Throughout 1968, Nixon campaigned on a platform of ending the war, yet then escalated the war. Nixon and Kissinger always opposed unilateral withdrawal. They aimed to continue the US aggression against Vietnam until victory could be achieved. When they talked of an `honourable settlement', they meant one that achieved all the USA's aggressive war aims. More US soldiers would have to die so that the earlier deaths would not have been in vain, which, absurdly, equates to saving the dead.

Nixon and Kissinger cruelly indulged in sunshine talk about the war, promising the American people that one last push, one more invasion, would bring victory. But the truth was that the USA had lost. There was no alternative to withdrawal: their only choice was whether to end the war swiftly, or end it a bit later after killing yet more Vietnamese and having even more American soldiers killed pointlessly (20,000 were killed under Nixon).

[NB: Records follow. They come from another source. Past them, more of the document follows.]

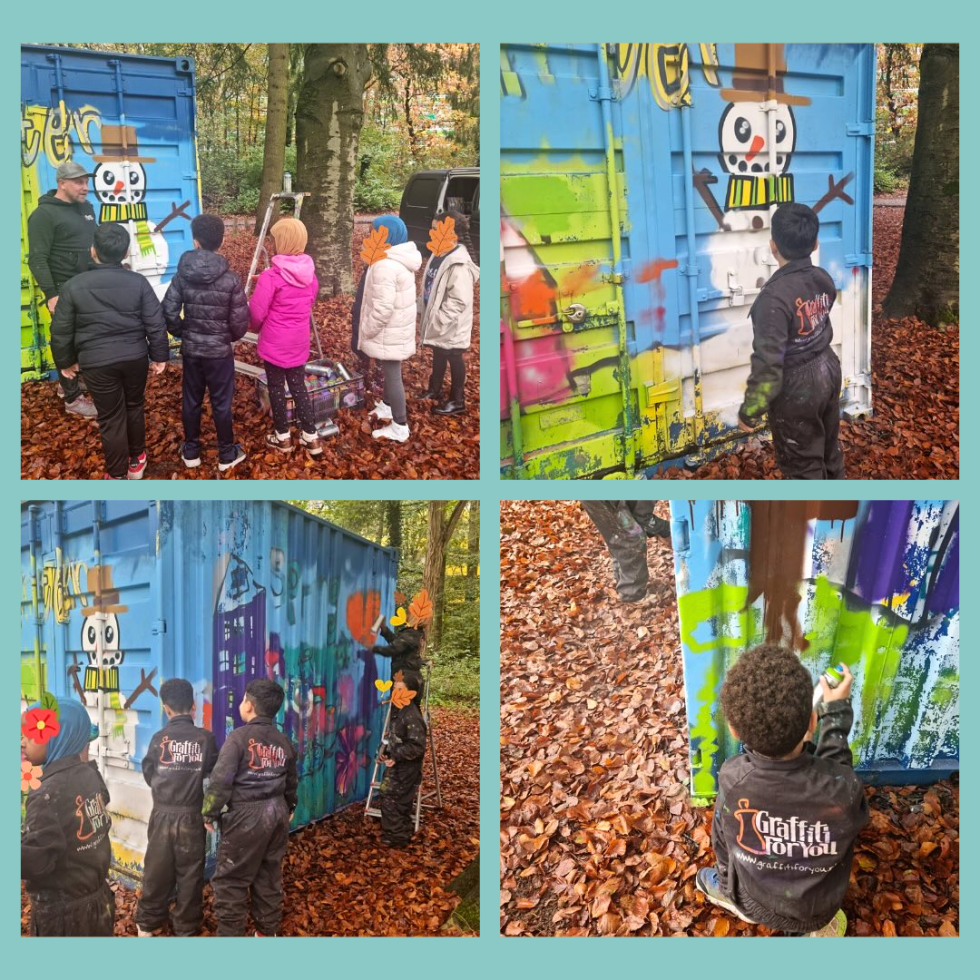 4 foto's van kinderen uit de buurt die een graffiti workshop krijgen bij de sportcontainer in het park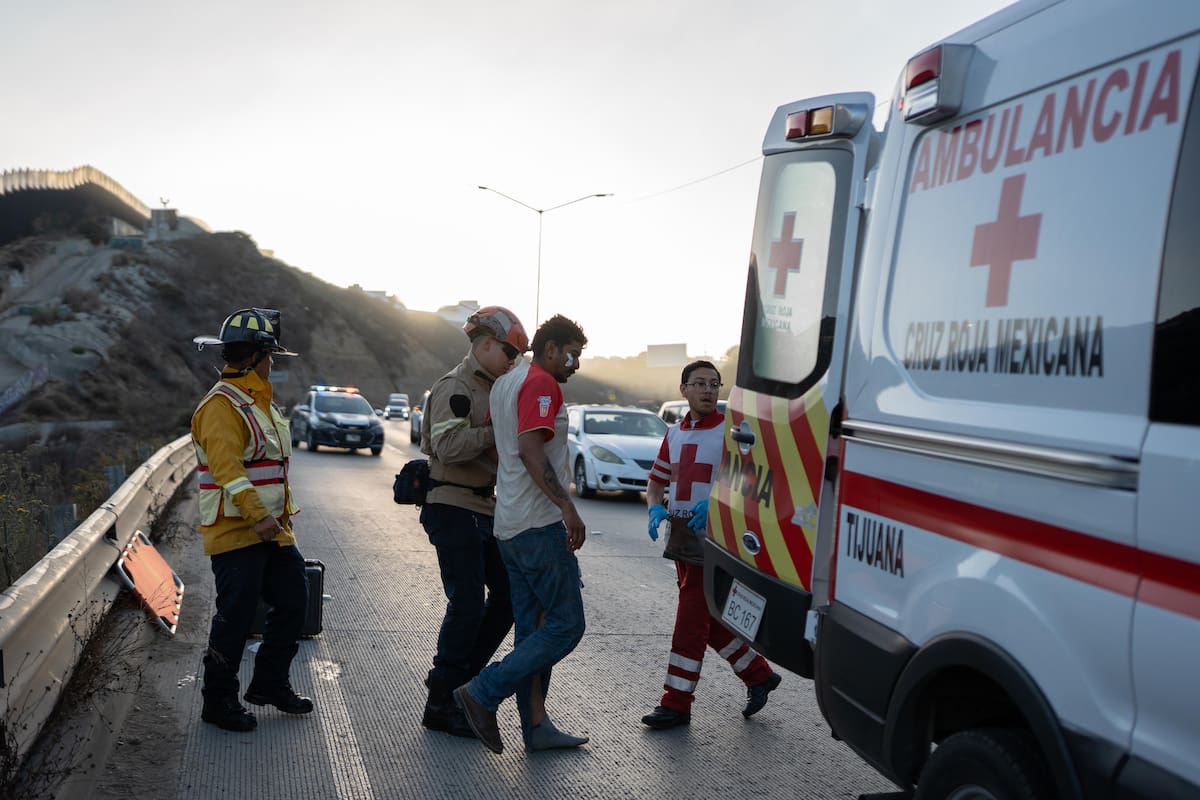 Un ciclista y un peatón resultaron heridos tras el percance. Foto: Border Zoom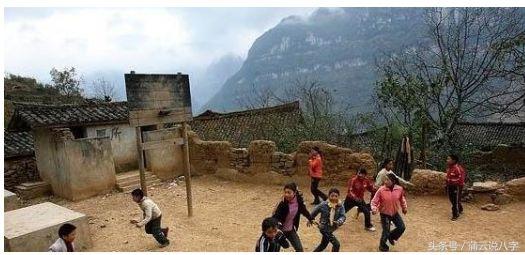 透出财官印，晚运较早运好的生肖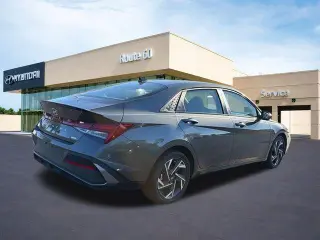Hyundai ELANTRA Hybrid 2025 SEL Sport 4p Sedan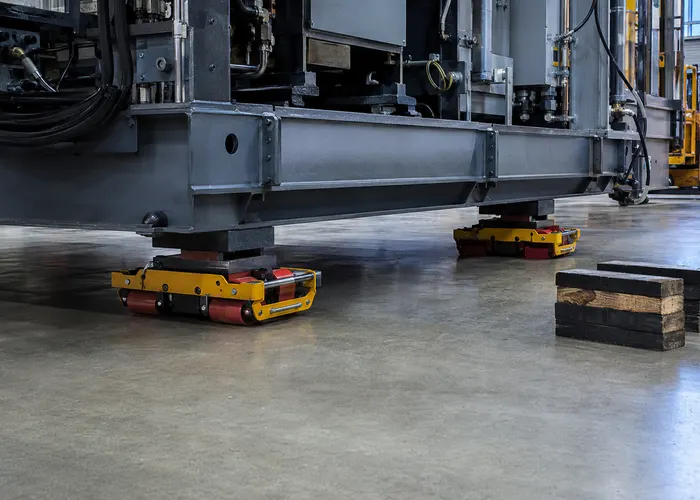 Patins industriais centralizados sob pontos estruturais de uma máquina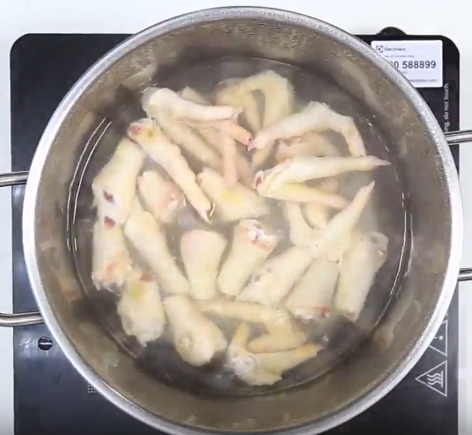 Học người Thái cách làm gỏi thịt lợn lạ miệng, cực thơm ngon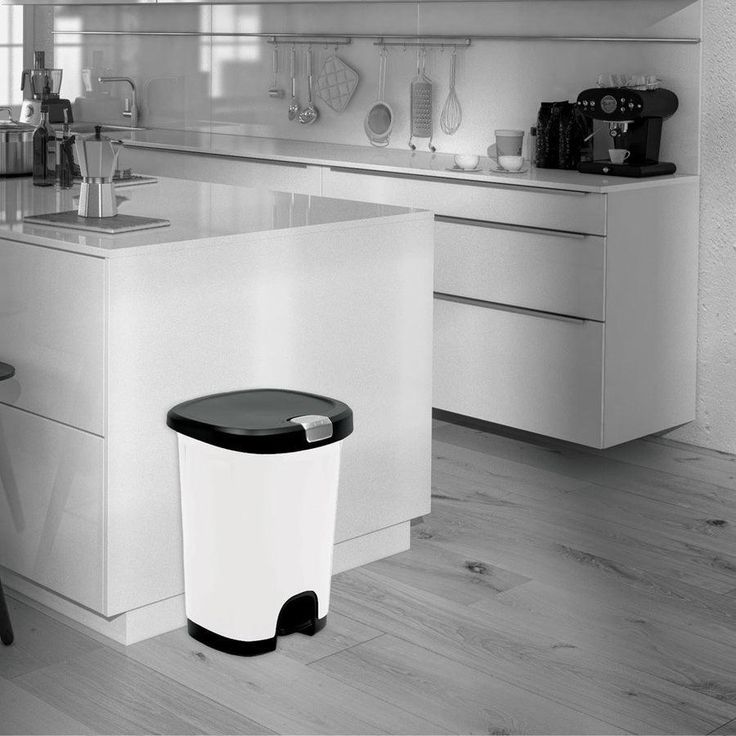 Hefty 7-Gallon White Plastic Touchless Trash Can with Lid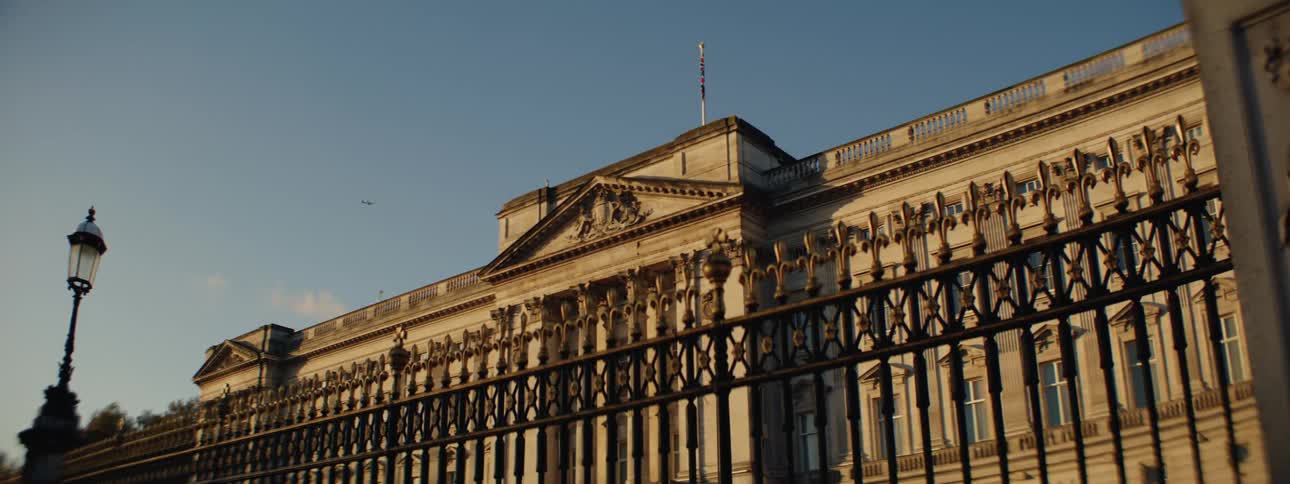 Black gate in front of the british royal palace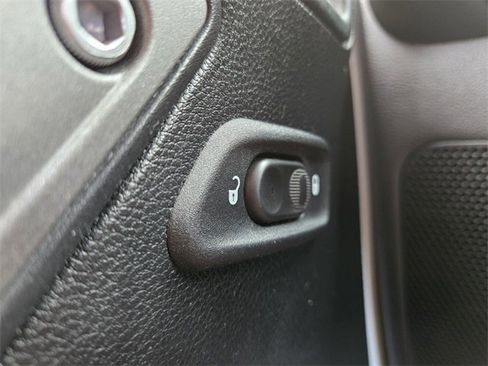 Used 2017 Jeep Wrangler Unlimited Sport w/ Quick Order Package 24S image 32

Nixon and Kissinger never grasped that a quick exit from Vietnam would have helped, not undermined, US credibility. They never asked other governments what they thought about a speedy exit. Détente was just a cynical device to try to divide Vietnam from its allies, and it failed.

Nixon and Kissinger's policy towards Vietnam was a disaster, killing thousands of Americans, Vietnamese and Cambodians. They claimed that their policies were realistic and intelligent, but neither could see that the Vietnamese people were justly fighting for their national liberation. Nixon and Kissinger were not tragic, flawed heroes but despicable war criminals.